Mysql – Can/Should rarely used columns be placed in a different table for performance

mariadbMySQLsqlite

I have a table that contains data (blobs). Data is often read, rarely inserted, and never modified.

For all of this data, I compute hashes that I also store in the DB. These hashes are only checked when inserting new data, therefore, they are hardly used in normal, day-to-day routine.

My question is, is it worth the trouble to make a separate table for the hashes, is it reasonable to expect any performance gain for putting them aside?

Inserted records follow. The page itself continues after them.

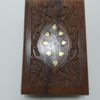 Caixa indiana de madeira com embutimentos florais em bronze 15 cm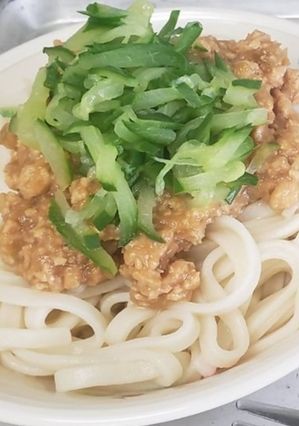【保育所給食】肉味噌かけうどん-レシピのメイン写真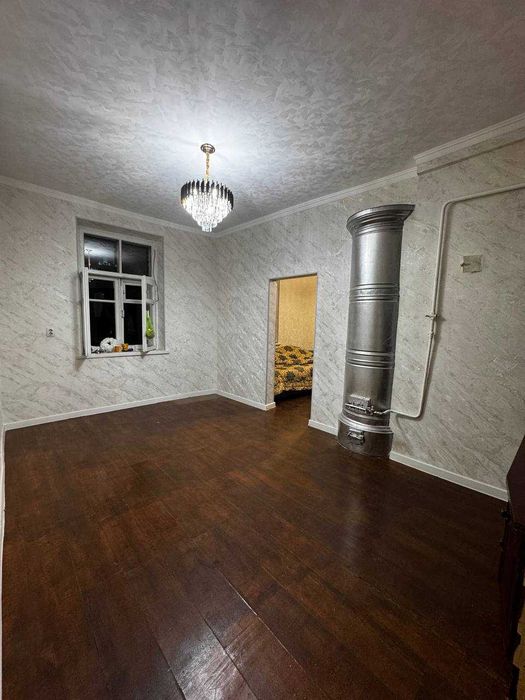 Продажа! 2/2/2 Около парка Фуркат. Ул. Янги Замон. 43м2. Балкон 3/3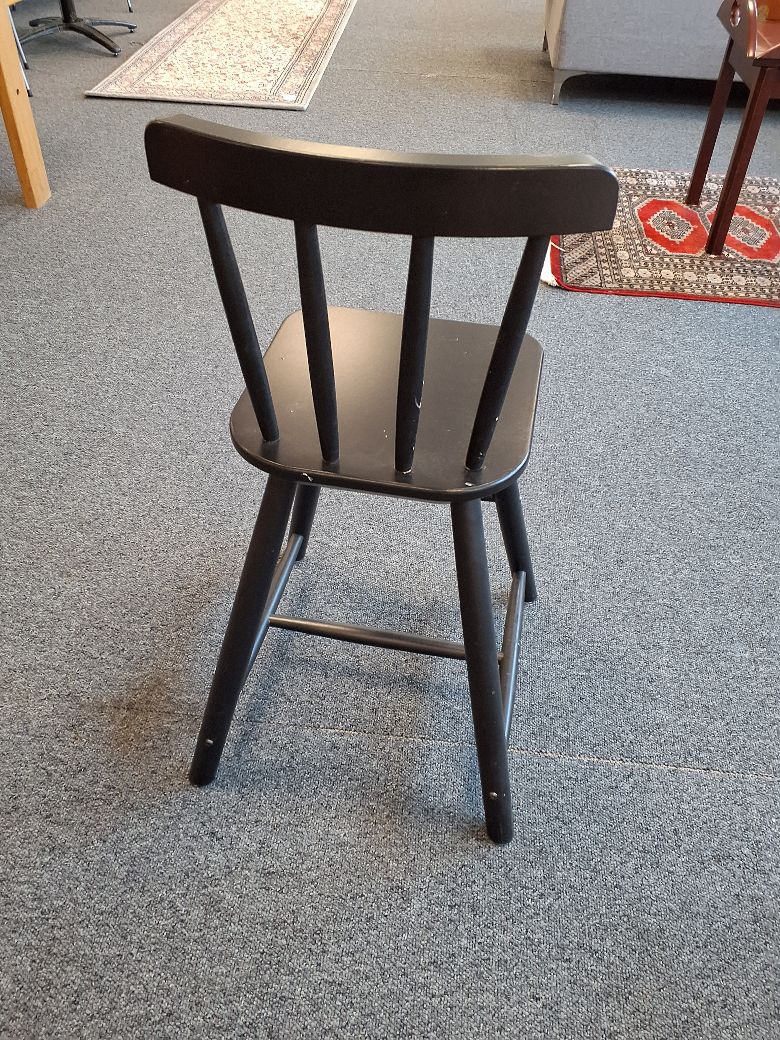 Børnestol i sort træ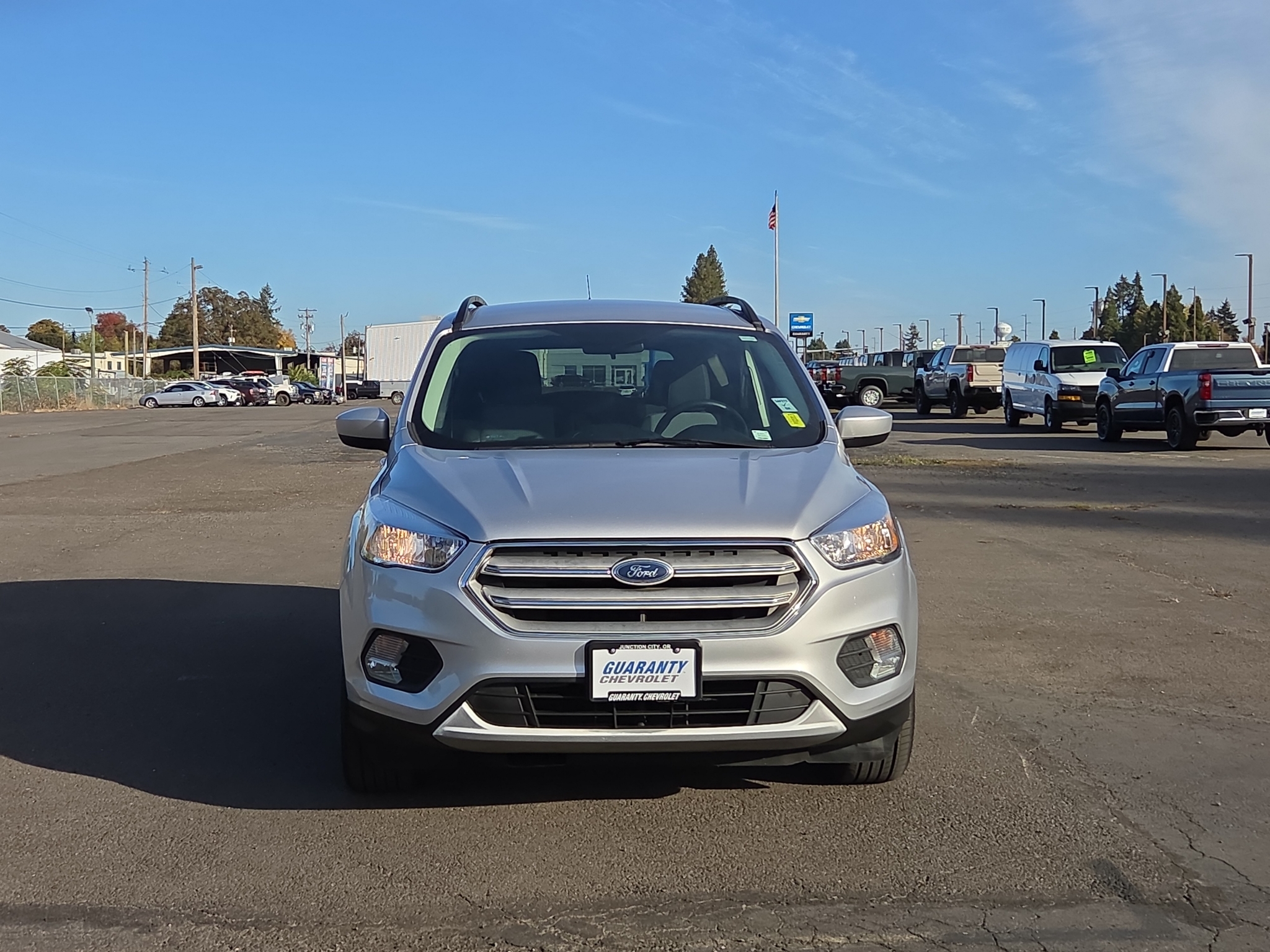 Used 2018 Ford Escape SE with VIN 1FMCU9GD5JUD08687 for sale in Junction City, OR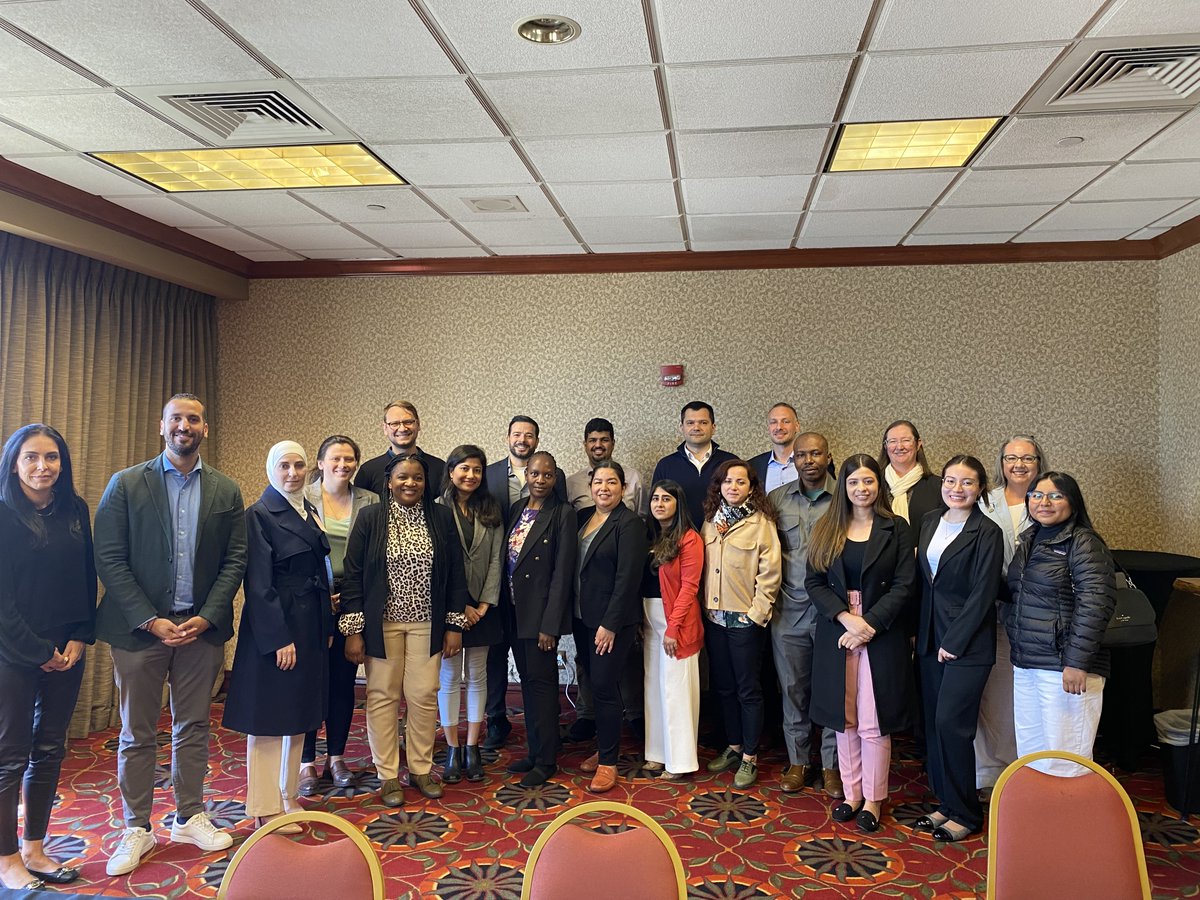 GlobalSacCA's tweet photo. 🌍 🌱 This week, we welcomed sixteen participants from various regions to our IVLP program, where they learned about U.S. clean energy policies. 💡 From economic growth to environmental sustainability and security, they explored it all! https://t.co/SQTfTePu7y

Or can I confidently just add an extra column to the table for the hashes, even though the hashes are rarely used?

(Although I would be interested in a general answer, I must point out that I use MariaDB and sqlite).

Best Answer

(re: MySQL/MariaDB) It depends.

  • For small columns, say under 1KB, don't bother with the hash.
  • For large columns, say over 7KB, it may not matter -- InnoDB puts large columns "off-record" in a block separate from the main part of the record.
  • For medium-sized columns, say 1KB-7KB, the column is likely to be kept "on record", thereby making any action on the row fetch the bulky column, too. This is even if you don't say SELECT *.
  • Regardless of what you do, avoid using SELECT *; instead, spell out the columns you need. (* will bite you if you ever add a column to the table.)
  • Pack the hash into BINARY(16) for MD5, etc., rather than a VARCHAR of twice the size.
  • The time taken to fetch a row is more than unpacking the columns. That is, "how many columns" is not a metric to worry about. (No, I don't have numbers to back that up; just decades of experience.)

The hash (whether md5, sha1, etc) is a bigger nuisance. It is very 'random', thereby leading to cache misses when inserting a new hash or looking up by the hash. This issue comes into play when the BTree with the hash is bigger than can be cached in the buffer_pool. To phrase it another way, use of a hash on a billion-row table will slow down all accesses to the speed of the disk. And it will slow down other processes due to cache misses.

InnoDB blocks are 16KB; the underlying OS or drive block size does not factor into this discussion.

In the opposite direction, consider putting frequently updated columns (clicks, Likes, views) in a separate table. (But that's another Q&A.)